Because for all the street smarts and cynicism which he wore on his sleeve, Lucas Hood was a kind man.

He wasn't her usual type, that was for sure. That he happened to be  _ everyone's _ type was a different issue altogether. 

Rough around the edges, a no-nonsense buzz and with his face almost never free of a cut or scrape or bruise, she'd have immediately pegged him for someone on the wrong side of the law. 

Siobhan remembered how he'd worn the sheriff's uniform that first day before the swearing in - a little uneasy, a little bemused and a lot disbelieving, almost like this was his first time ever wearing the blues and the badge.

He's a lot older than her. But even his age he wore oddly - in feature he could have passed for much younger than his actual years, handsome as he was. But his eyes were those of a man who'd already lived an entire lifetime, and not an easy one at that.

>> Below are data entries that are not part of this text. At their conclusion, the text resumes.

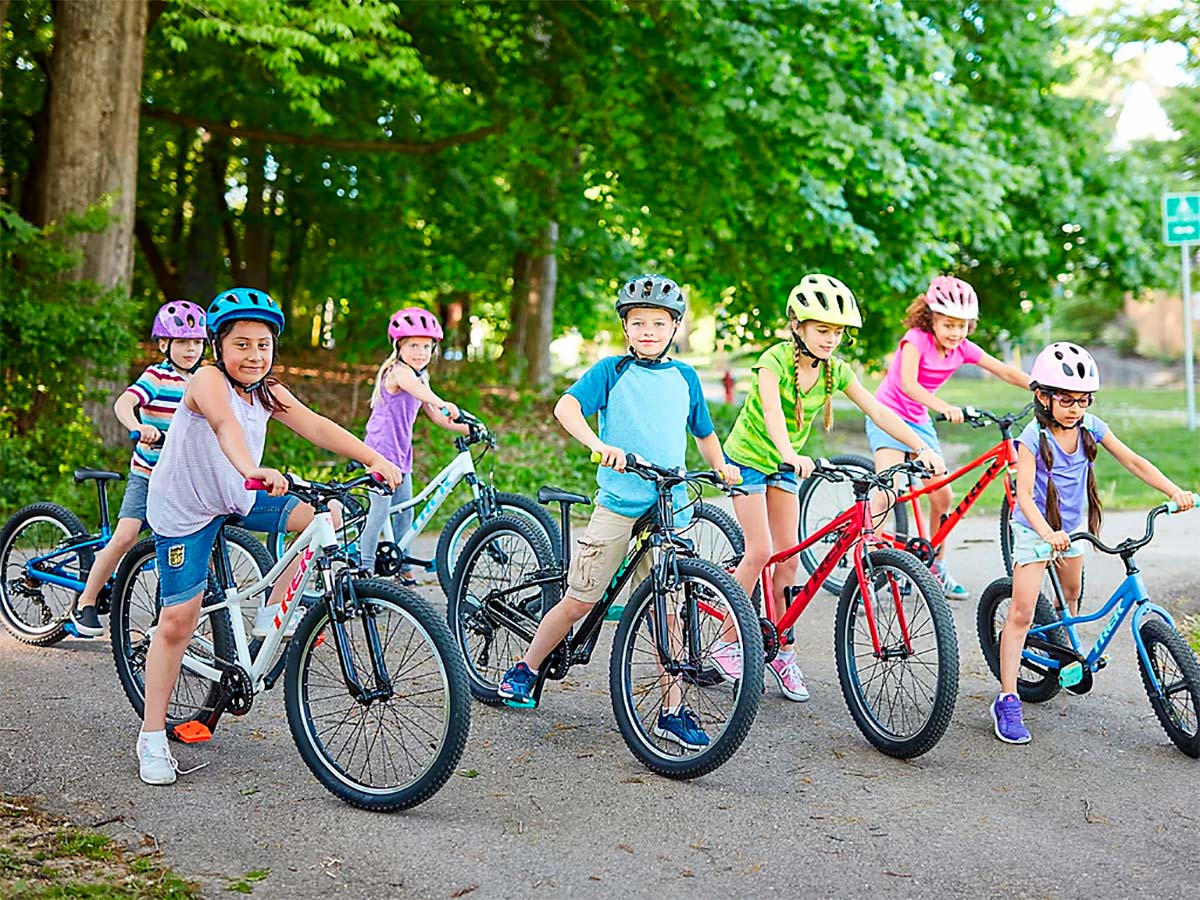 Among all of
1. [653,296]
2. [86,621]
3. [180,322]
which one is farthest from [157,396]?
[653,296]

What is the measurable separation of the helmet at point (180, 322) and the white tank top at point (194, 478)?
1972 mm

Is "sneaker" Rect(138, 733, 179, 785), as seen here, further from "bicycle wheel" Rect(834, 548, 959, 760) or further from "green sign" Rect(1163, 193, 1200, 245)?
"green sign" Rect(1163, 193, 1200, 245)

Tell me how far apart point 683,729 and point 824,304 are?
6.35 ft

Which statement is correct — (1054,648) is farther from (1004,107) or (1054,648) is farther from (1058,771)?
(1004,107)

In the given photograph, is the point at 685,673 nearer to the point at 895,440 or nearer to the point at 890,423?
the point at 890,423

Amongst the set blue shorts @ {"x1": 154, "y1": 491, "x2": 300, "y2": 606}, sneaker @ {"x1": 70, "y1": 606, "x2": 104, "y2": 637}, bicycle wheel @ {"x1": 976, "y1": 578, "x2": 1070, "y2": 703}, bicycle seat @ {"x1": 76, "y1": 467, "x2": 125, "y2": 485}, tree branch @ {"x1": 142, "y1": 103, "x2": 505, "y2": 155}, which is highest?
tree branch @ {"x1": 142, "y1": 103, "x2": 505, "y2": 155}

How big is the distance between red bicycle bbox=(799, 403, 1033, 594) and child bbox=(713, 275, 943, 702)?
49 centimetres

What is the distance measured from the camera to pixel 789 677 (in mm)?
6387

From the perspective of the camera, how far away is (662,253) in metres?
18.8

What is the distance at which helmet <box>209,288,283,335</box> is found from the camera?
16.1 feet

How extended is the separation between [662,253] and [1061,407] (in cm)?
1323

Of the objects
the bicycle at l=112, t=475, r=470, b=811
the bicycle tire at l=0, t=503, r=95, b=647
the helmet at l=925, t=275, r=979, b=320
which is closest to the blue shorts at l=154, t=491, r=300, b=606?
the bicycle at l=112, t=475, r=470, b=811

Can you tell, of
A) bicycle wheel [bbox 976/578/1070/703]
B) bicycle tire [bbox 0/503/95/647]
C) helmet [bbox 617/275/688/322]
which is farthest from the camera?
bicycle tire [bbox 0/503/95/647]

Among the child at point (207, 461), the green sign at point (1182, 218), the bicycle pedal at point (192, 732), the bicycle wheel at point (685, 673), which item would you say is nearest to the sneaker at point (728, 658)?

The thought comes unbidden to her mind one day. Beard burn in sensitive places had never been a kink of hers, but he's been on the force just over five weeks when she first wonders what that would feel like on her neck, across her belly. And yet unlike other stray, wayward and inappropriate thoughts, she doesn't immediately shut it down.

She's starting to think that he might just be redrawing a lot of the lines for her. 

**Author's Note:**

> The Yeastus Christ and Dead Guy Ale were apparently actual buyable craft beers circa. 2014. Atleast according to BuzzFeed.